In the paper, the team also describes the design of its ongoing, randomized clinical trial to compare telephone genetic counseling with in-person counseling for at-risk women tested for the BRCA1 and BRCA2 breast cancer risk mutations.
“When, or if, we establish that [telephone genetic counseling] is effective, it will be a useful tool to make genetic counseling more accessible to rural people,” Beth Peshkin, a senior genetic councilor at Georgetown University’s Lombardi Comprehensive Cancer Center, told GenomeWeb Daily News.
Genetic counselors can help clear the sometimes muddy waters of genetic testing, providing insights into a test’s benefits, risks, and implications before an individual takes the test. The counselors also help patients interpret the results and consider management steps, if necessary. Finally, they may help individuals deal with their perception of risk, something that may be necessary whether the outcome is positive or negative, Peshkin emphasized, since the test “may change long-held beliefs about disease risk.”
While there is currently no requirement for companies offering genetic testing services to provide counseling, Peshkin said, the number of genetic tests available is on the rise as companies market genetic tests online and use direct-to-consumer advertising to entice new customers. But, the authors note, genetic specialists are often in large urban areas and/or near university medical centers, making them inaccessible to much of the US population.
“In anticipation of this increased demand, it is imperative that alternatives to traditional genetic susceptibility counseling are developed and empirically evaluated,” the authors wrote. “[A] logical fist step toward developing effective alternatives to clinic-based genetic counseling is to develop interventions that parallel the traditional model while extending its reach and deliverability.”
Consequently, Peshkin and her colleagues are keen to determine the effectiveness of alternative counseling methods such as telephone genetic counseling. They are currently enrolling subjects in a randomized clinical trial comparing telephone genetic counseling — which combines over-the-phone discussions with visual aids that are mailed to individuals — with standard, in-person counseling.
They hope to enroll 600 to 800 women considered at high risk — with at least a ten percent chance — of carrying the BRCA1/2 breast cancer risk mutation based on their family history. The subjects are either self-referred or physician-referred from the Lombardi Cancer Center at Georgetown University, the Dana-Farber/Harvard Cancer Center, Mount Sinai, or Vermont University’s Vermont Cancer Center.
The group will evaluate several different outcomes including test-takers’ knowledge about the genetic test, their quality of life, any test-related distress they experienced, the management behavior they selected based on their test result, and so on.
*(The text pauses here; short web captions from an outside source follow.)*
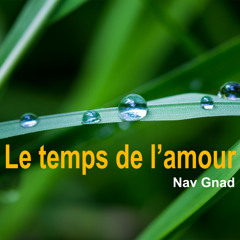 Le temps de l’amour (feat. Anien KID)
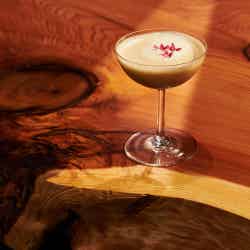 アートアクアリウム美術館/画像提供:アートアクアリウム製作委員会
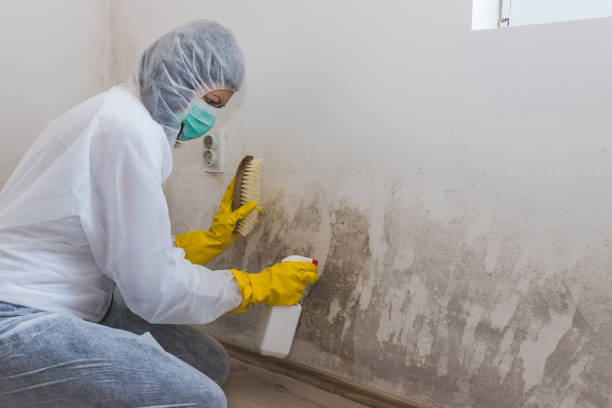 Certified Mold Removal in Balfour, NC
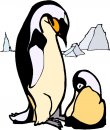animali/pinguino/pinguini_64.jpg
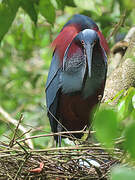 Agami Heron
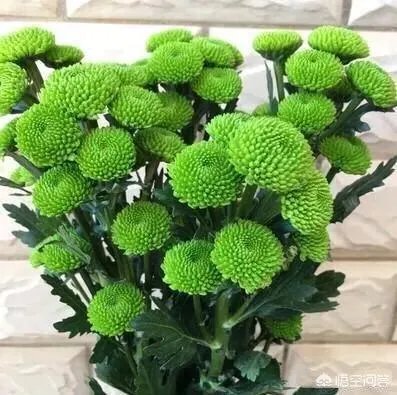春节返程,大家来晒一晒“妈妈的行李箱”里都给你准备了啥?大声说出你的爱吧?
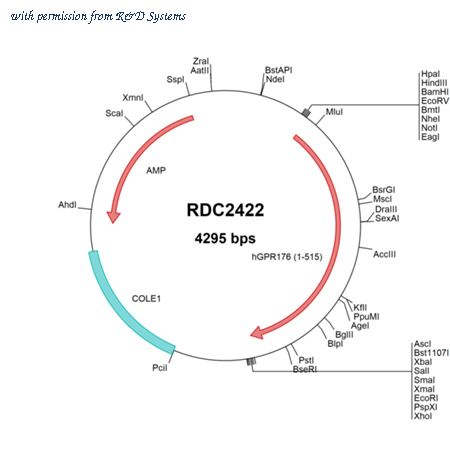 R&D Systems RDC2422 image 1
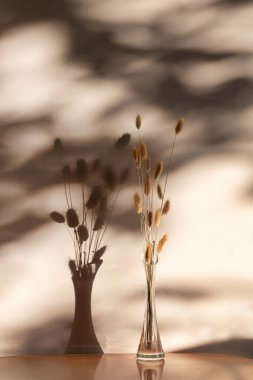 Güneş ışığının ağaçların yapraklarının arasından süzülüp duvarda bir gölge bıraktığı güzel bir an, komorebi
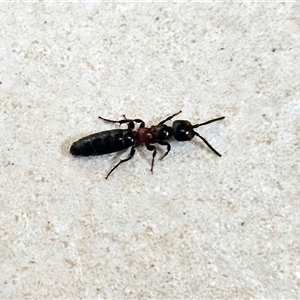 Tiphiidae (family) at Hawker, ACT - suppressed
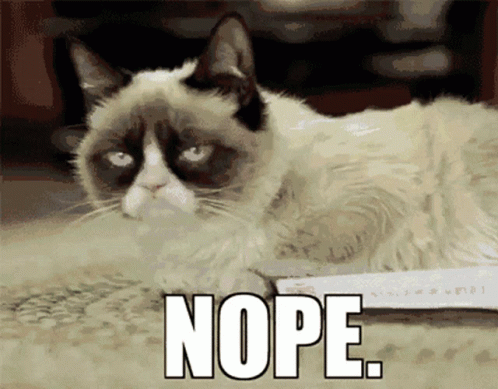 Grumpy Cat Nope Meme GIF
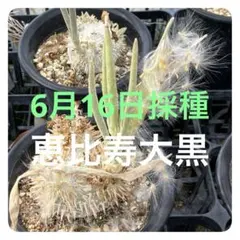 パキポディウム 恵比寿大黒 種子 自家繁殖 新鮮 10粒 - メルカリ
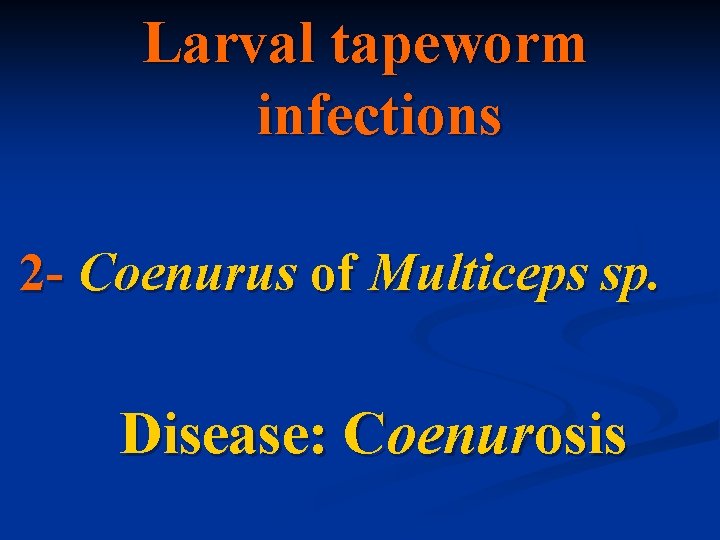 Larval tapeworm infections 2 - Coenurus of Multiceps sp. Disease: Coenurosis 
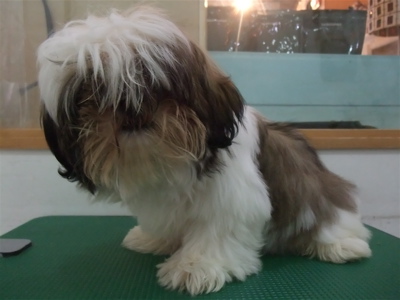 シー・ズー 初めてのトリミング トリミング シャンプー カット フントヒュッテ hundehutte 東京 文京区 トリミングサロン こいぬ 子犬 首輪 リード 2.jpg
The trial began in late 2004 and by the time it wraps up in late 2009 or early 2010, the researchers hope to have enough information to determine how telephone genetic counseling stacks up against in-person counseling.
In the meantime, Peshkin and other genetic counselors are also keeping an eye on the new genetic tests on the horizon. That’s because as genetic research continues unveiling new disease markers, genetic counselors will likely be at least one source of information for those struggling to understand the plethora of tests and which, if any, are appropriate.
For her part, Peshkin emphasizes the importance of critically evaluating genetic data and, whenever possible, focusing on genetic tests that are based on replicated, published data. Otherwise, the tests may be misleading or impossible to interpret, even for experts. “I think a lot of the new genetic makers we read about are interesting or promising, but we don’t have the data to interpret these genetic tests.” Peshkin said.